BEGIN COLLECTED MATERIAL

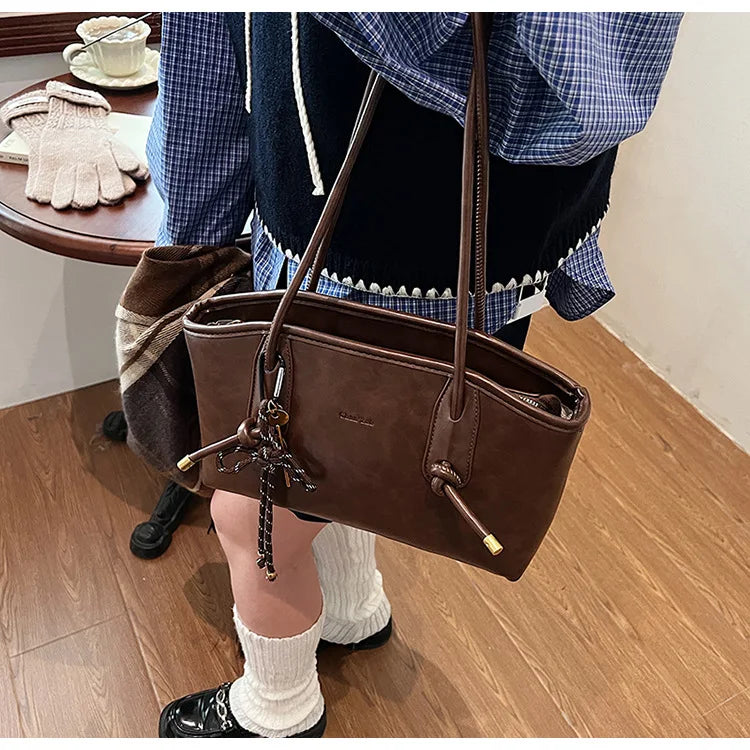 PU Leather Shoulder Bags For Women 2025 Winter Y2K Trend Female Crossbody Bag Lady Handbags And Purses Retro Tote Bag bolso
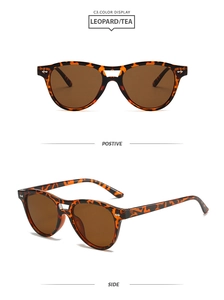 Detail view of leopard frame sunglasses with tea lenses and retro double bridge design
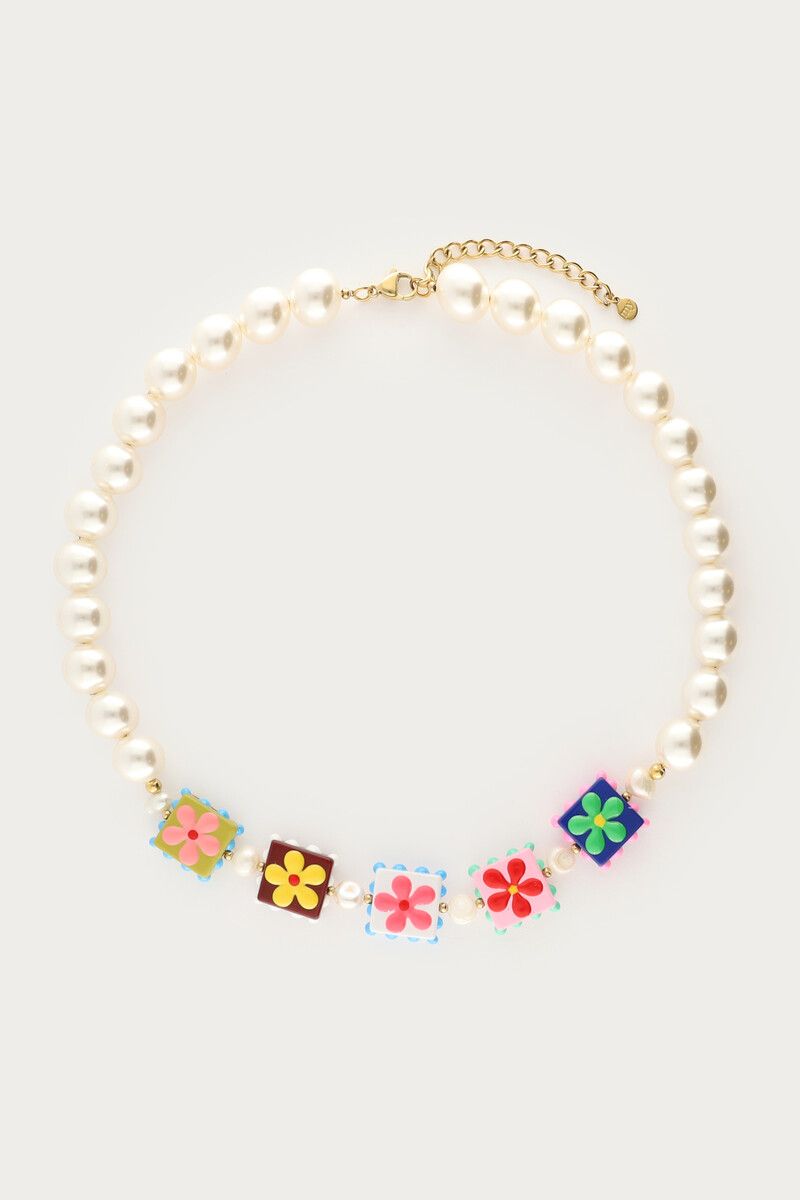 Collier Tropical de perles fantaisie avec fleurs carrées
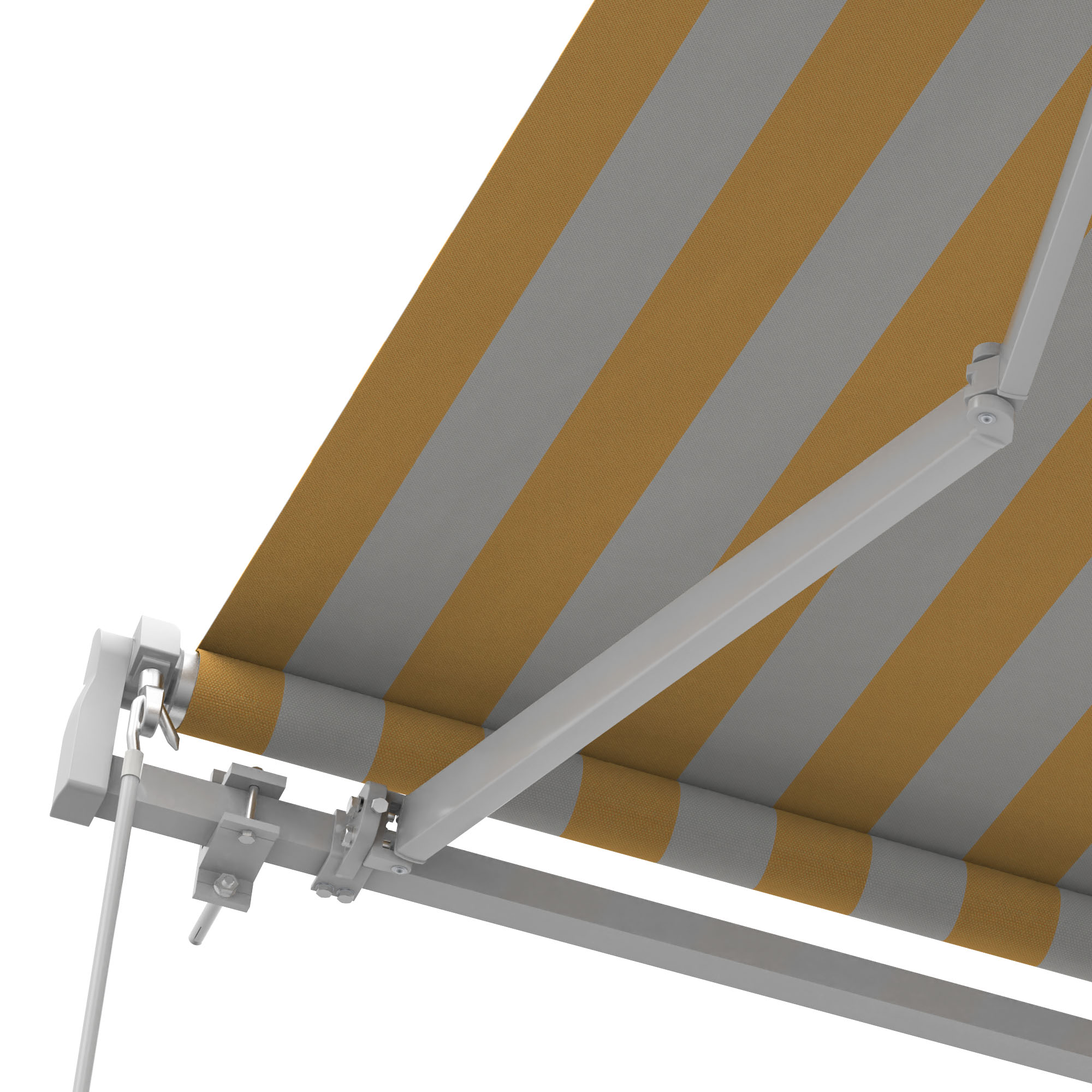 slider_image_01928fdd7b3679d6af16e7654b437c30 Gelenkarmmarkise Basic 2000 mit ausfahrbarem Arm und gestreiftem Tuch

END COLLECTED MATERIAL

TO DO:
Reproduce the whole of the data, word for word, and omit its pictures.

WRITTEN SOLUTION:
 PU Leather Shoulder Bags For Women 2025 Winter Y2K Trend Female Crossbody Bag Lady Handbags And Purses Retro Tote Bag bolso
 Detail view of leopard frame sunglasses with tea lenses and retro double bridge design
 Collier Tropical de perles fantaisie avec fleurs carrées
 slider_image_01928fdd7b3679d6af16e7654b437c30 Gelenkarmmarkise Basic 2000 mit ausfahrbarem Arm und gestreiftem Tuch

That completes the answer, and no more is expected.